The per space sensor has all the time to detect the car. Once a vehicle has parked, it can also verify its detection with multiple repeated measurements and then check the vehicle’s presence every few seconds.
The car counter often has just a couple of seconds to detect a passing vehicle. And sometimes it can be one long vehicle and sometimes – two short tailgating cars.
No detection is 100% accurate, a per space sensor can also miss a car but there is an important difference in the error treatment mechanics between per space and car counter sensors. In every car counting system (including induction loops, wired solutions, etc.) an absolute occupancy error is proportional to the total turnover (number of cars counted) and this error builds up over time, the so-called “error accumulation” or “error creep” phenomenon. In the case of per space sensors, since each sensor resets itself every time a parking event takes place – it is always a direct measure of the number of spaces/sensors in the lot.
Let’s consider an example where we have a 99.5% accurate system of two types installed in the lot of 100 spaces and a daily turnover of 100 cars. In one month, we will have a 3,000 vehicles turnover and a 0.5% error gets us an expected 15 spaces / 15% error for a 100 spaces lot. And in two months the error will double. In most cases, it is only a question of time when the counting error will creep to an unacceptable level.
Per space system with no error accumulation, on the other hand, will remain, 99.5% accurate. In the same case of a 100-space facility, it will always remain 99.5% accurate, meaning a maximum error of 0.5 vehicles/spaces at any given time.
When does the car counting system work well?
Based on our experience a combination of two factors makes a good case for car counters as a lower cost and acceptable accuracy alternative for per space sensors.
Well Defined One-Way Entry and Exit Lanes
Broad bi-directional entries and exits are more prone to counting errors. Even a little accuracy reduction from 99.5% to 98%, that may take place in such an environment, can result in an unacceptable 15%+ error in just one week of operation.
Narrow, well-defined, one-way, straight entry and exit are much easy to operate with high counting accuracy which can maintain a reasonable total availability estimate within a week even in the case of a high turnover lot.
Regular Off-Peak Hours
Due to accumulating nature of counting errors, the real occupancy for all car park counting systems needs to be reset periodically. With a parking lot that has clear off-peak hours, e.g. employee parking on Sunday night, the occupancy can be reset automatically which helps to maintain a good accuracy with minimal effort. 24/7 operated lots with no clear off-peak hours, e.g. airport parking, on the other hand, will require periodic manual counting to minimize accumulated counting error.

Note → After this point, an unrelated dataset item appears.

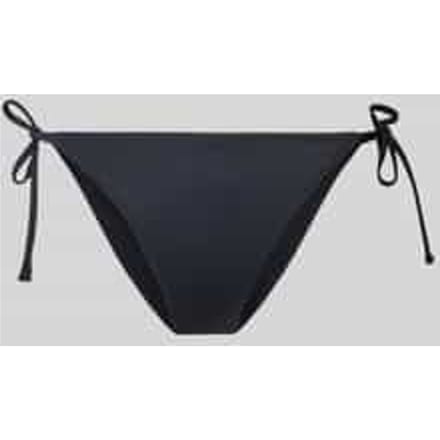 Bikinibroek met strass-steentjes model 'Violet'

Flexibility to Build Hybrid Solutions
The same physical Nwave sensor hardware is used both for per-space and counting applications. This means Nwave sensors allow to build highly flexible “hybrid” solutions for e.g. large surface parking lots or garages. In such hybrid solutions, car counter sensors can be used to provide overall vehicle count for a particular facility, while per-space sensors can add additional data granularity for high-value spaces, such as EV, disabled, visitor, carpool, etc. spaces. Since both sensor solutions work under common sensor-gateway coverage, such approach allows to create highly flexible wireless solutions for projects with various requirements to accuracy, data granularity and price level.